- _ACTIVITY_:
Reproduce precisely the lines of the material below from the line containing "Sweater Casablanca Pearl" up to and including its last line. Pictures must not be copied.

- _THE DATA_:
◇ ◇ ◇ ◇ ◇ ◇ ◇
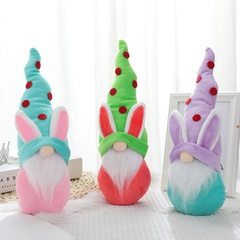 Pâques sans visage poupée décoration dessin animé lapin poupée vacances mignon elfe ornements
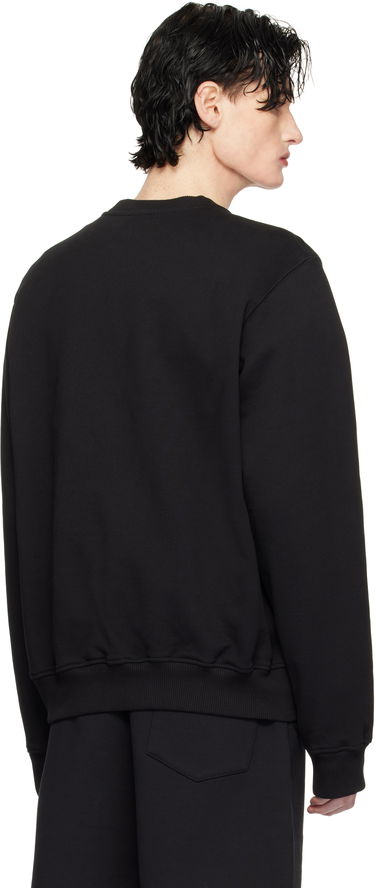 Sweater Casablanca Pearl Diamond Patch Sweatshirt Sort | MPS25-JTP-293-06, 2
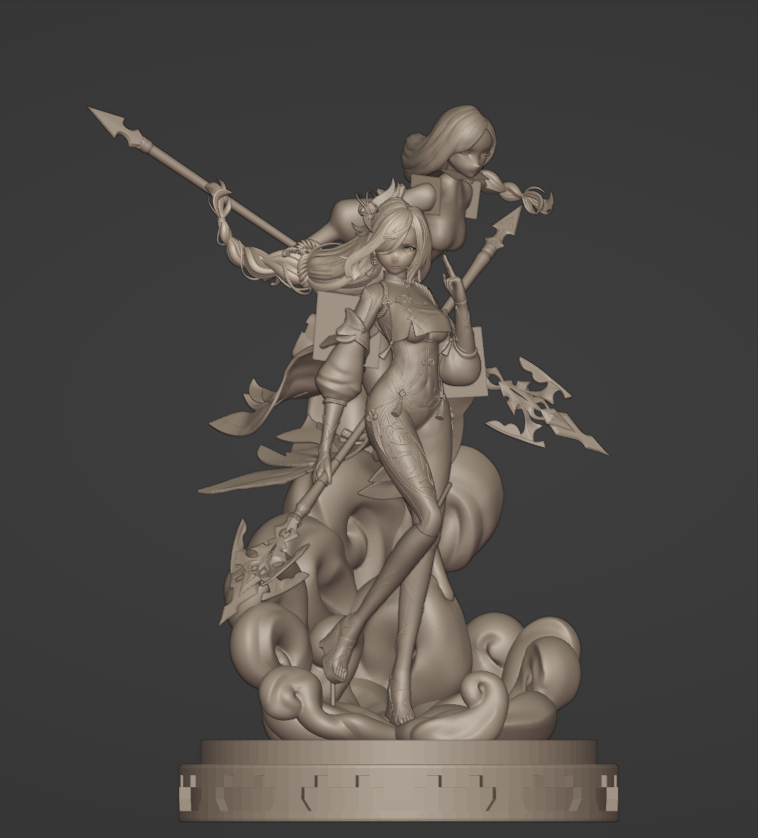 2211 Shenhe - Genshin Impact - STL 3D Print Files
◇ ◇ ◇ ◇ ◇ ◇ ◇
- _PROBLEM SOLUTION_:
 Sweater Casablanca Pearl Diamond Patch Sweatshirt Sort | MPS25-JTP-293-06, 2
 2211 Shenhe - Genshin Impact - STL 3D Print Files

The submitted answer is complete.